E seguia ela: “as pessoas pensam que poemas são para passar mensagens. Poesia é para brincar com as palavras sua sonoridade e criar imagens...se fosse pra falar do que já existe, não precisaríamos de poesia..” inteligente da parte dela, ao menos achei. Ele ruminou a fala e juntos deram margem para brincadeira das palavras e foram dizendo, descrevendo o, até então, impensável para dizer o mundo que os cercava.

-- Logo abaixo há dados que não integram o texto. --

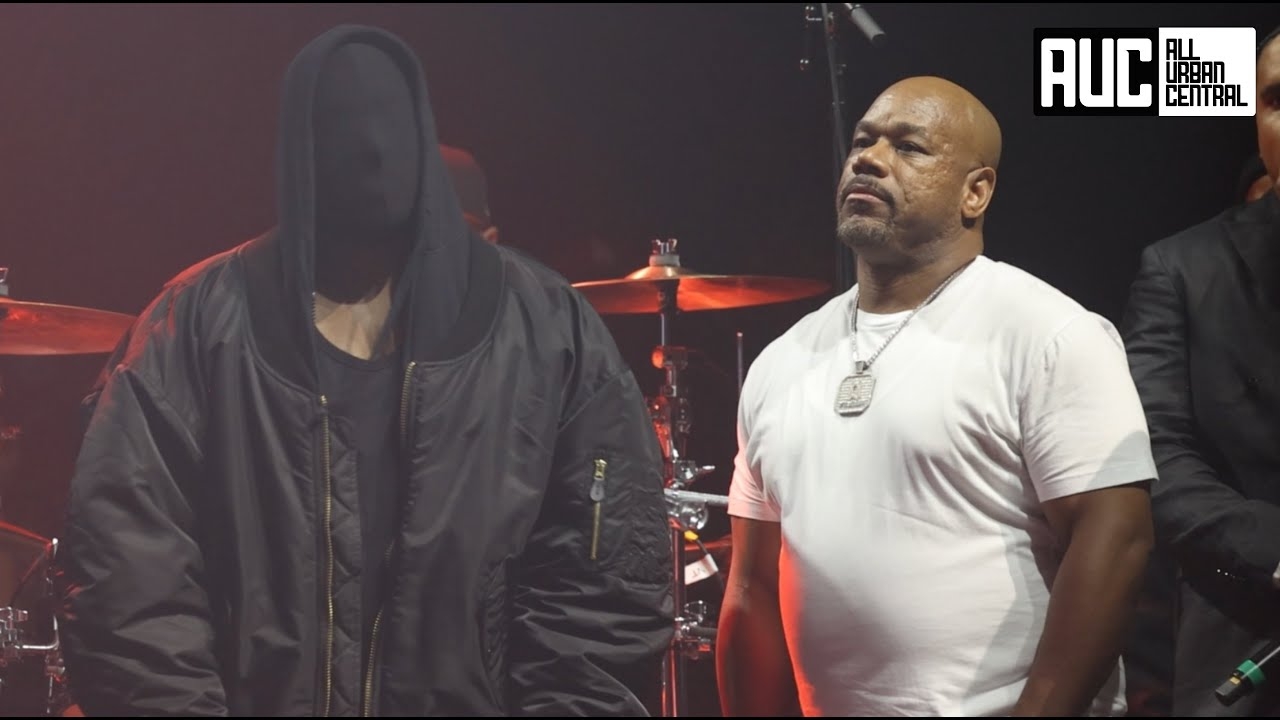 Wack 100 Backstage With Kanye Proves He Didnt Get Beatdown At The Game Concert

Depois de alguns minutos dessas elucubrações mentais, sentaram-se novamente e o silêncio mais uma vez os invadiu. Novamente um olhar para o horizonte, para as ondas que quebravam fortes. Uma onda, um silêncio e a palavra, sempre atrapalhada, do rapaz: “Poseidon parece irritado”, invadiu novamente a busca por si mesma que parecia fazer a moça.
Ela riu, e olhando a fúria de Poseidon expressa pelas ondas revoltas daquele mar passaram a pensar e a falar da vida... talvez da vida porque o mar muito se assemelha a ela. Por ser tarde a maré já subia, na inocência de criança que se arrisca a brincar com fogo sem saber o perigo que ele pode lhe trazer enquanto conversavam, não sei, mas acho que Poseidon quis por fim no papo, talvez ele quisesse descansar um pouco, mas as palavras e risos daqueles dois o incomodasse. Uma onda quebrou forte e veio em direção aos dois... cena engraçada se sucedeu.
Ao tentarem correr levaram uma rasteira da onda e como tartarugas de barriga pra cima foram arrastados para trás. Molhados, pesados por água e areia... “Poseidon, seu filho de uma mãe! Eu te pegooo” diziam entre risos gargalhados. Depois desse balde de água fria, literalmente, colocaram-se a caminho e voltaram para casa.
Pra surpresa do rapaz, sem que se desse conta, o mar levara seus óculos naquele assalto da onda... saldo da ida ao mar: não só a planta dos pés molhada, mas sim parte da perna e grande parte das costas; um óculos a menos, somando isso descobre-se que só aconteceu porque estavam tentando viver diferente, ainda que num momento, a vida.
Assim, o saldo é positivo. Quantas vezes as ondas revoltas da vida também parecem levar de nós coisas, situações, pessoas... vai levando tão aos poucos que nem percebemos, ou nos tira num assalto e ainda assim levamos um tempo para acreditar que aquilo aconteceu. Com isso nossa visão se turva, mas se firmarmos bem os olhos seremos capazes de ver e vendo encontramos novas coisas, situações, pessoas que novamente nos ajudam a enxergar melhor e sem muito esforço que as mesmas ondas que levam também podem trazer.
O ponto de partida se faz chegada e no porto da vida sempre esperamos a embarcação que constantemente traz o sentido para nossa história. Os dois? Ainda hoje ao sacudirem as roupas usadas naquela noite encontram um punhadinho de areia...

Um comentário:

  1. "Nesse mundo tão cheio de respostas admiro quem tem a coragem de fazer perguntas".
    Parabéns Robson, pelo texto. Um grande abraço!!!